Healing differences in Scotland after a divisive referendum that came close to splitting the United Kingdom this year will take time, Queen Elizabeth II said in her annual Christmas broadcast on Thursday. In a speech dedicated to the theme of reconciliation, the queen also celebrated progress towards peace in Northern Ireland. She acknowledged differences of opinion in Scotland after a September vote in which 45 percent voted to become independent from the United Kingdom, while 55 percent voted to remain within it. She also recalled a visit to Northern Ireland in June, when she was shown around a prison by a former Irish Republican Army commander in a visit in support of the region’s peace process.

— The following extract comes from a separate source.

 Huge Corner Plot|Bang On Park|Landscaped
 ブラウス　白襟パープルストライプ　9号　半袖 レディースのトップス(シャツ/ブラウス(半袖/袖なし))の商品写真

My visit to the Crumlin Road Gaol will remain vividly in my mind. What was once a prison during the Troubles is now a place of hope and fresh purpose; a reminder of what is possible when people reach out to one another.
Queen Elizabeth II
The queen spoke on the 100-year anniversary of a spontaneous truce between warring soldiers in opposite trenches in World War One, something she described as a “remarkable” event that showed peace was possible. An annual event broadcast on BBC television and radio, the queen’s message is watched by millions of people in Britain and across the Commonwealth. It is one of the few speeches that she writes herself, rather than with government ministers. Archbishop of Canterbury Justin Welby, the spiritual leader of the Anglican faith, was also meant to remember the 1914 truce in his Christmas sermon but was forced to cancel due to what a spokesman said was a “severe cold”.